A salvação de Deus através de Cristo nos ensina que podemos viver sem culpa. Pra que serve a culpa? Se sentir culpado é o mesmo que afirmar que Jesus não fez seu serviço direito, que sua morte foi meia boca: “apenas para o povo daquela época!” – Besteira, o dom de Deus é ETERNO, para todo o tempo e além do tempo.

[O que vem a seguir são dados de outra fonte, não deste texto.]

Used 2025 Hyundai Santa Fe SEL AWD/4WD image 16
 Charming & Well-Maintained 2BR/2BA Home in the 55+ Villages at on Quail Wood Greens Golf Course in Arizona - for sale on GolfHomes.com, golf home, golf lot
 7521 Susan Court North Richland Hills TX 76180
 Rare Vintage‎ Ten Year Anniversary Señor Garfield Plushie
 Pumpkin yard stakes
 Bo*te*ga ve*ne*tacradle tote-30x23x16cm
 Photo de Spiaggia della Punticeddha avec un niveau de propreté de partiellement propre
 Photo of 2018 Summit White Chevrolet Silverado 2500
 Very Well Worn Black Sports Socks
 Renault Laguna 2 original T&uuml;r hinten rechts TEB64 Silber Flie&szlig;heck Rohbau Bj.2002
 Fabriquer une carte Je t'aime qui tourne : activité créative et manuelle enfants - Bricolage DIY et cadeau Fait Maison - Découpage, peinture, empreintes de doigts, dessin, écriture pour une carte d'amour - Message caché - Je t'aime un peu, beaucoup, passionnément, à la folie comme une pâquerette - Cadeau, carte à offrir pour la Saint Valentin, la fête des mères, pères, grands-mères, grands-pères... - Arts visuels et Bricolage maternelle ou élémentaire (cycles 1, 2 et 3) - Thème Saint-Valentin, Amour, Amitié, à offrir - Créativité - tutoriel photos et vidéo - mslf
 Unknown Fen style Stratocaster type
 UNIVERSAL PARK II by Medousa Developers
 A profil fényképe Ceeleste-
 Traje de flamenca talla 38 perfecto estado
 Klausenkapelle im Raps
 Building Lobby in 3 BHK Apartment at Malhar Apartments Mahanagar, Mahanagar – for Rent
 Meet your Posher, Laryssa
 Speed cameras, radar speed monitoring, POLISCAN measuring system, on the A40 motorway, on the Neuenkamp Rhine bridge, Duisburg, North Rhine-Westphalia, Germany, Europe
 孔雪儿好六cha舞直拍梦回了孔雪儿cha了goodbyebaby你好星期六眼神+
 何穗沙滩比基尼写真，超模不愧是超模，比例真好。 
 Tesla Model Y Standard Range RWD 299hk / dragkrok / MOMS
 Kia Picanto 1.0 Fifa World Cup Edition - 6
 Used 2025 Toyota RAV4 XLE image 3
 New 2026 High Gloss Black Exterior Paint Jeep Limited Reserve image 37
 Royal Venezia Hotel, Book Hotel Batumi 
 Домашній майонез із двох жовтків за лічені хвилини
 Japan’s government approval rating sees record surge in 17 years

Nenhum sacerdote, padre ou pastor poderá estar diante de Deus na eternidade e se vangloriar de ter “comprado” sua entrada no céu. Ao contrário, todas as pessoas no céu estarão ali somente porque Jesus obteve esse direito, com sua morte em nosso lugar na cruz. Em vez de punir os pecados individuais de cada pessoa, Deus acumulou esses pecados sobre Jesus (Isaías 53:2-12) quando ele estava sofrendo.

Por isso em João 3:17 o versículo se completa: “Porquanto Deus enviou o seu Filho ao mundo, não para que julgasse o mundo, mas para que o mundo fosse salvo por ele”. E o mundo, meu amigo, inclui você – quer você queira ou não!